I've no doubt school fetes are worthy activities, but do people really need to let estate agents get free advertising by allowing them to set up their hideous boards on their property in return for advertising school fetes. There was even one attached to the rails at the end of a section of Harringay Passageway. Do people find them pretty?

Tags for Forum Posts: estate agents signs, school summer fair signs

Views: 3952

Reply to This

Replies to This Discussion

Someone asked the question does the local community support this? I would argue yes, due to the volume of them in our area. Most people don’t want them there but realise it raises lots of money for local schools so break traditional from their dream theoretical world to help out.

Most would also not endorse illegal or dangerous signs by many of the local EA. Community spirit and cohesion is tough enough without having people moaning about them and it feels very un-community like to want to withdraw valuable funding for our community schools and the children that use them. I actually think in contrast to visual pollution it shows what a fantastic community we have around here with so many willing to help out, thankfully those who appose these revenue streams are in the minority.

I would encourage the PSA’s and EA’s to make them more colourful and less like for sale signs, which of course wouldn’t stop the moaning by the usual culprits.

Maybe some local residents who oppose these signs could sponsor the fairs next year, £1500 and I am sure they would rip your hands off.
I'd like to see more ways for community and non-profit events to advertise legitimately and effectively. Whether school fetes, community choirs or finding missing cats, if people don't know about them they won't get involved.

But - perhaps like most people - I don't want to see the floodgates open. For example, for fly-posted ads for gigs on every lamppost and traffic light.

My worry is if commercial firms (and not just estate agents) can get round the rules by linking-up with a 'community' or charitable event. This already happens to some extent with schools' banners about collecting vouchers and similar schemes.

Many years ago a member of staff at a Haringey After School club misguidedly accepted free food from McDonalds; and an actor dressed as Ronald McDonald showed up. But he met his match.
Dave Morris - one of the McLibel 2 - was a parent at the club.

Birdy_Too asks for practical alternatives. How about a small colourful window poster put up by parents and neighbours?
The floodgates are open already.

Point very much taken, John. And I hope other people recognise this too.

Is the poster still there now (12 July)?
Yes. Corner of Church Lane and Turnpike Lane.
Alan, you're missing the point. Schools need money, not just the advertising of the event.

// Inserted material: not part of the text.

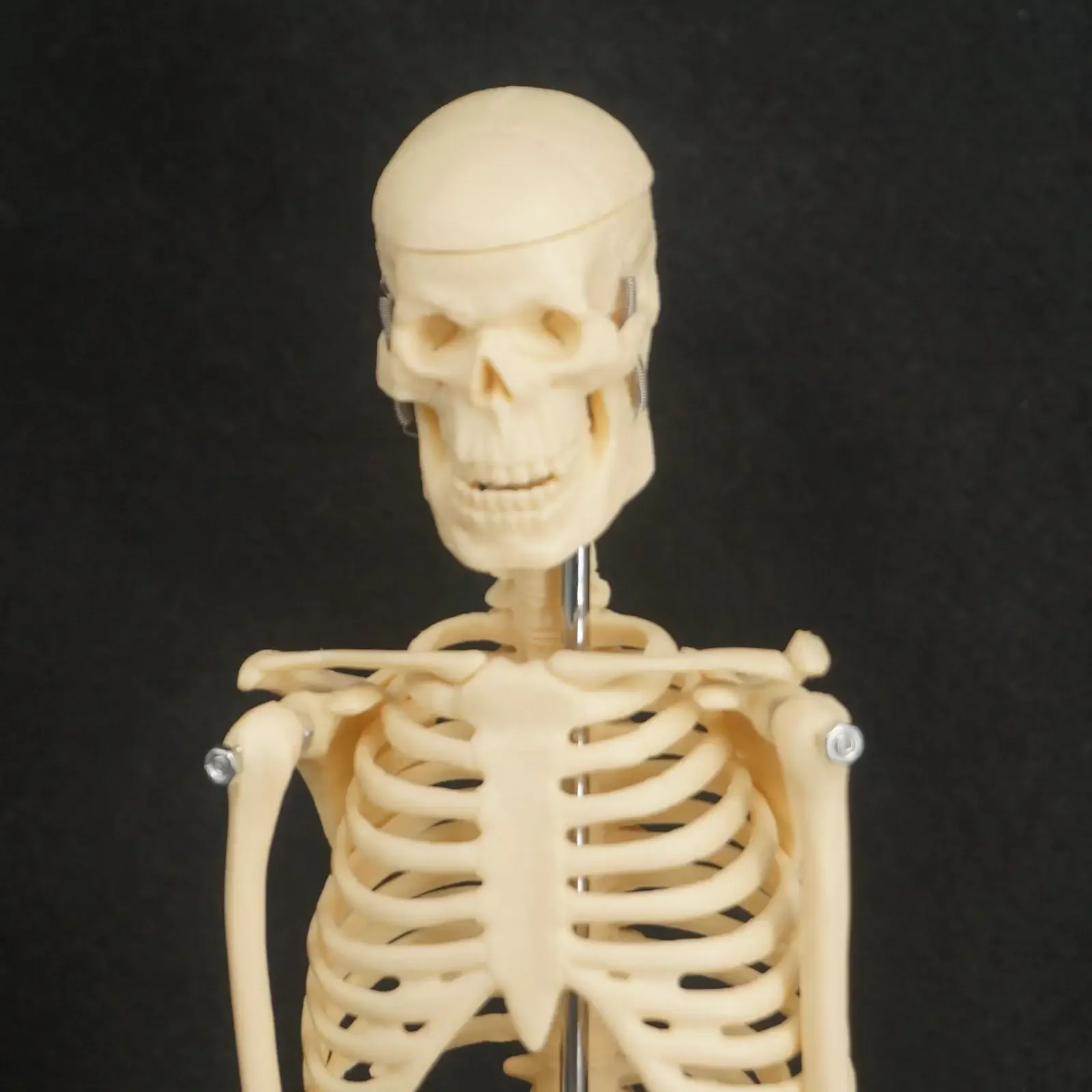 PVC 45CM Physique Mini Anatomical Skeleton Human Model Stand Poster Medical Learn Aid Anatomy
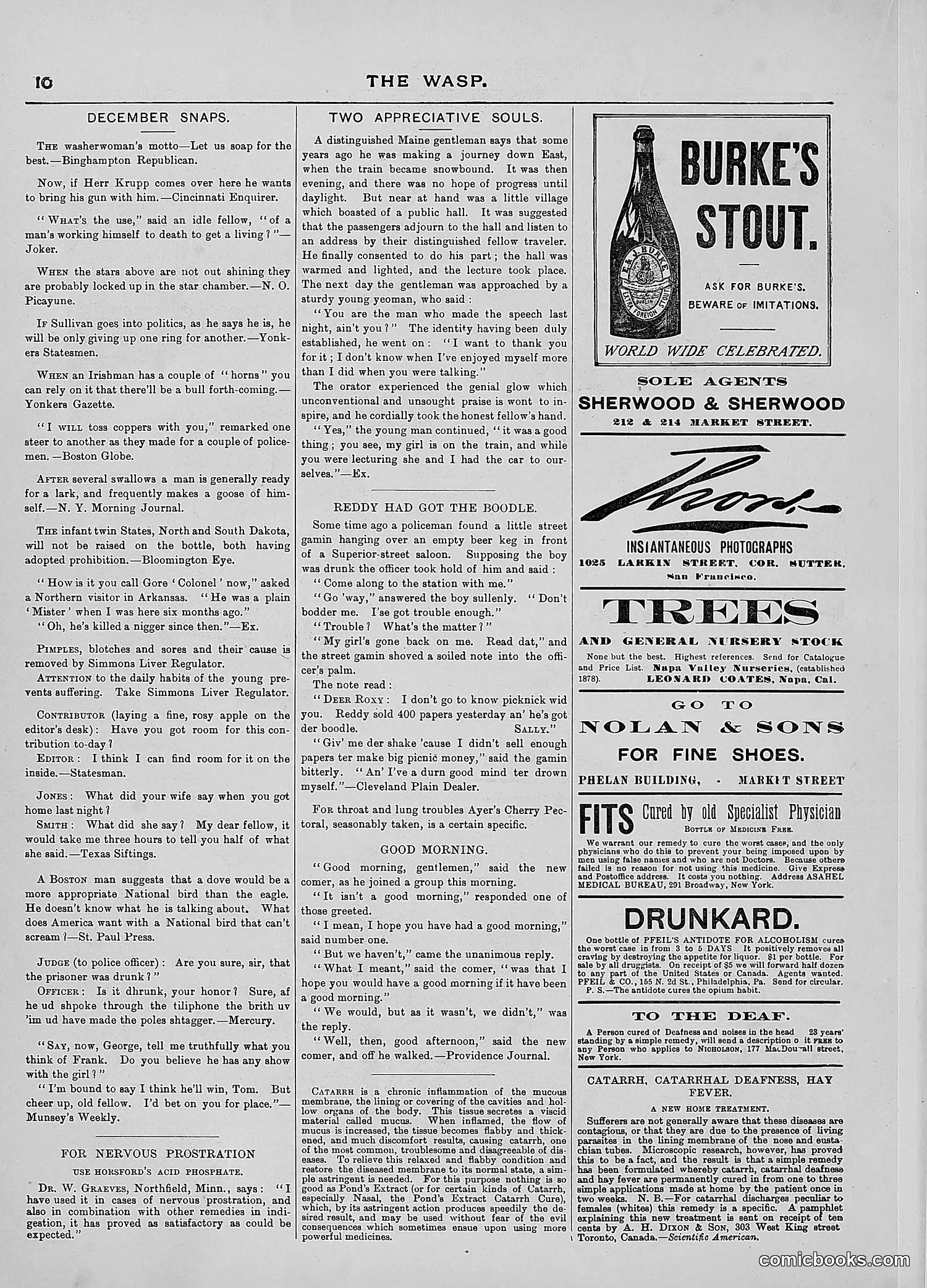 The Wasp — 1889 — page 411 of 450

Surely you as a councillor understand this.
Alan, how would your suggestion raise money for the school?

@John, where are your posts about all the banners around Ducketts Common, Finsbury Park and possibly Fairlands Park, the events posters and lost cat posters up and down the Passage. Surely the large advertising bollards at the end of Effingham are more of an eyesore than boards advertising community events? Damn that Fairland Park Summer Party!

Have you contacted the council about the Green Lanes Food Festival 2009 banners still in Green Lanes?

I notice that all but one of those opposing Fair Signs don’t have children attending local schools?

If that banner had just the school fair on there and not the EA would that be acceptable?
My very first post in HOL concerned a flypost for the Harringay Summer Fair still in place on a lampost weeks after the event.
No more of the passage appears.